By the way, in which underlying source code is cache profiling with PAPI? I only observed the use of PAPI in runtime/realm/threads.cc

lightsighter commented 1 year ago

The profiling should all be handled by Realm including anything having to do with PAPI counters. If it is not returning a meaningful results then we should create a separate issue for that, although I can't promise when it will be fixed.

luo-junpeng commented 1 year ago

I went through layer-by-layer analysis of the profiling data, and I ended up here. image But I don't know where the profiling_runtime_task parameter came from, which is, the source of the profiled data seems to be unknown. Just a dictionary is defined here, and no parameters are passed. image

lightsighter commented 1 year ago

That is the callback that Realm invokes to Legion whenever a profiling response is ready. From there it can dispatch to many different places. I wouldn't worry too much about trying to debug this yourself. If you can make a small reproducer showing what you think should work with profiling responses coming back to your paper for PAPI counters then we can try and debug that.

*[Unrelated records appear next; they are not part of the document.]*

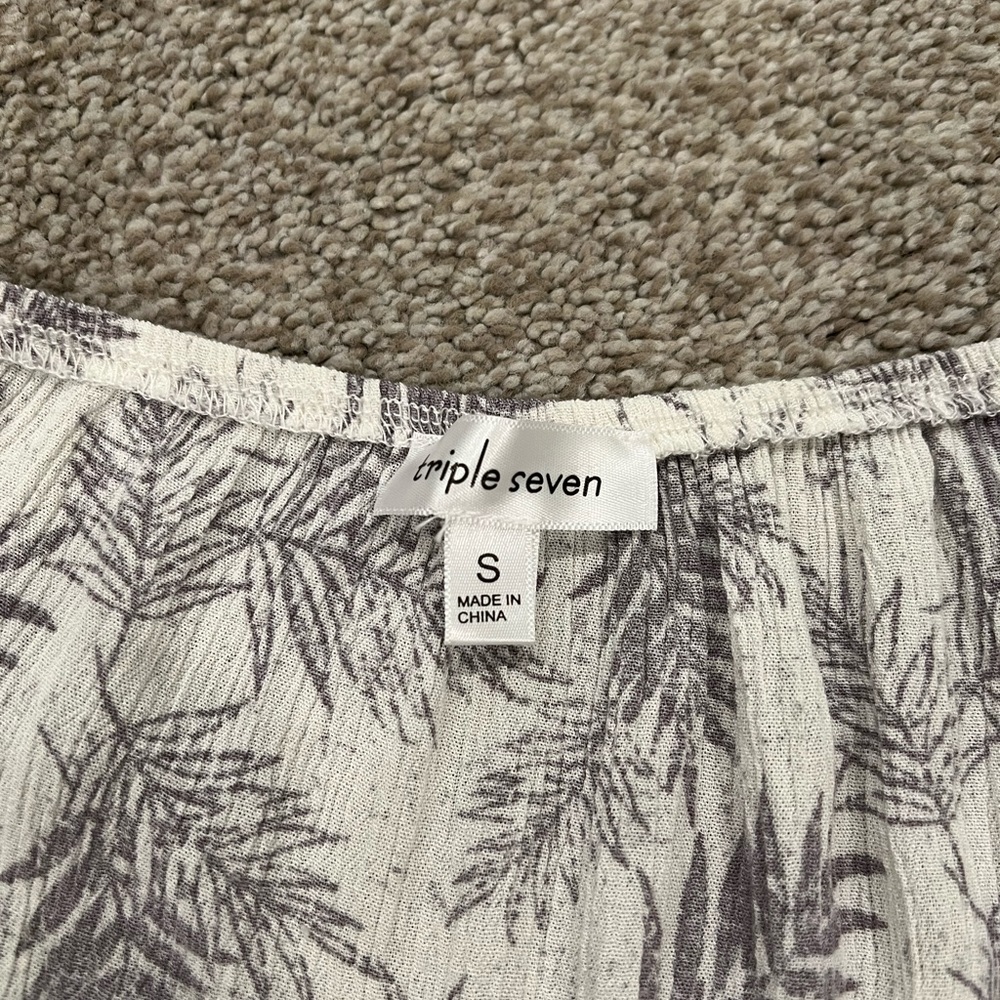 Romper. - Picture 3 of 3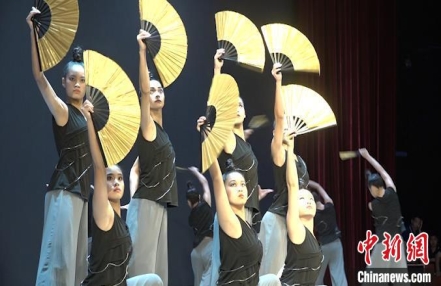 
                    “舞动青春·唱响未来”沪台中小学生才艺交流在上海举行
               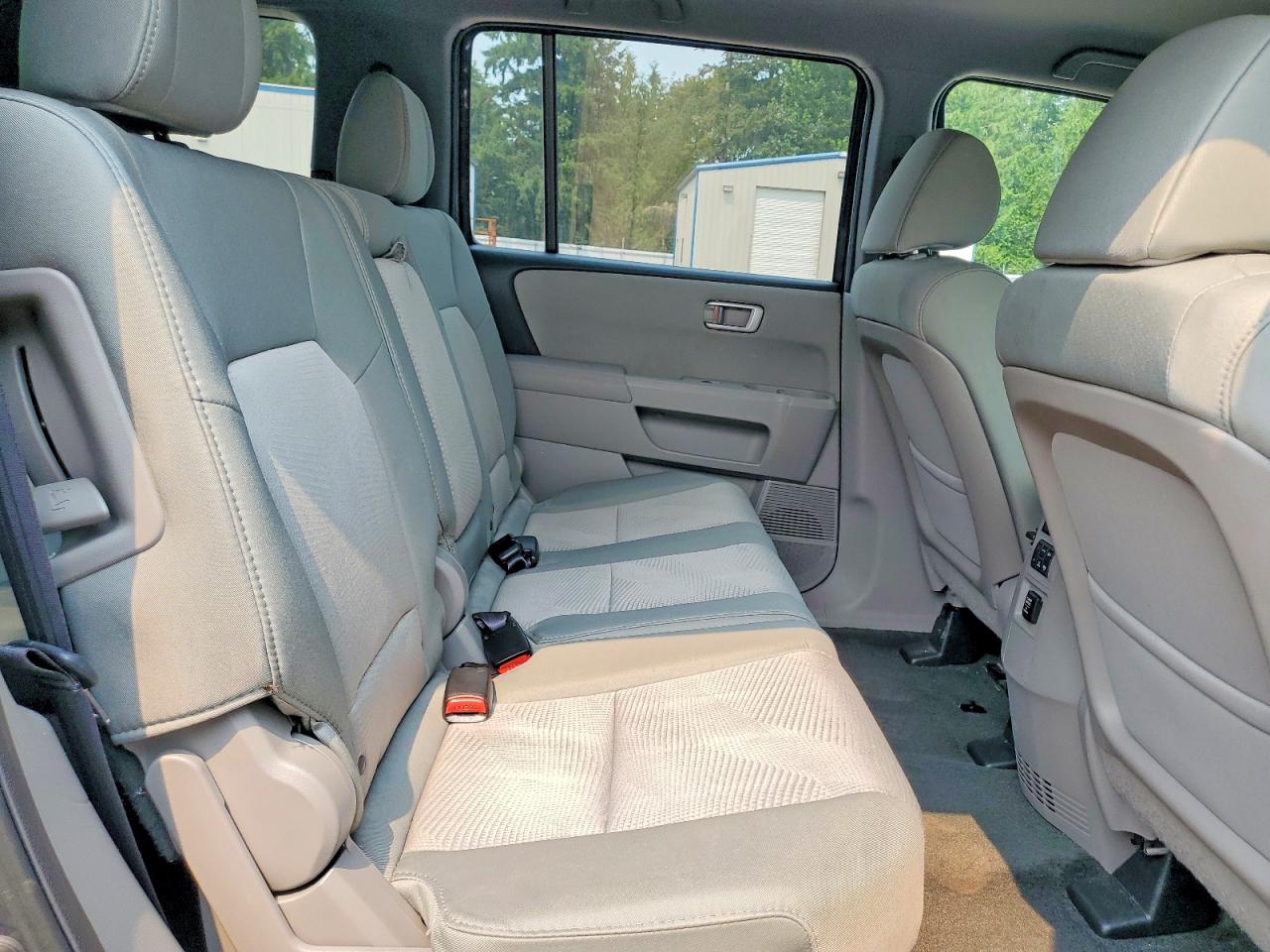 2014 Honda Pilot Lx Серый vin: 5FNYF4H2XEB011384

luo-junpeng commented 11 months ago

[/Unified-Legion/runtime/legion/legion_profiling.cc] As shown in the following figure, I added a ProfilingMeasurements::OperationMemoryUsage to the add_task_request function. image Then when I try to receive ProfilingMeasurements::OperationMemoryUsage via response in the process_task function, I find it unsuccessful, as shown in the figure, the if judgment is false. What should be the correct steps I should take? image

lightsighter commented 11 months ago

I don't think Realm tasks will have memory usage because Realm doesn't have any concept of which tasks are associated with instances. The Realm::ProfilingMeasurements::OperationMemoryUsage will only provide a profiling response for data movement operations or dependent partitioning operations that actually consume memory.

luo-junpeng commented 11 months ago

@lightsighter ,thank you,yes, I'm just giving an example here, I'm actually wondering what measurements the process_task (and of course others like process_copy, process_fill, process_mate) supports, or I'm adding a ProfilingMeasurement and receiving it through ProfilingResponse. Do I change the other source code between these two steps so that ProfilingResponse can successfully receive the ProfilingMeasurement information?

lightsighter commented 11 months ago

I guess I'm confused what you are trying to do. Are you trying to change the mapper to get profiling responses? In general you shouldn't (need to) be modifying runtime code like this. In general I would encourage you to try to use the either the mapper interface or the offline profiler to answer queries about memory usage for tasks.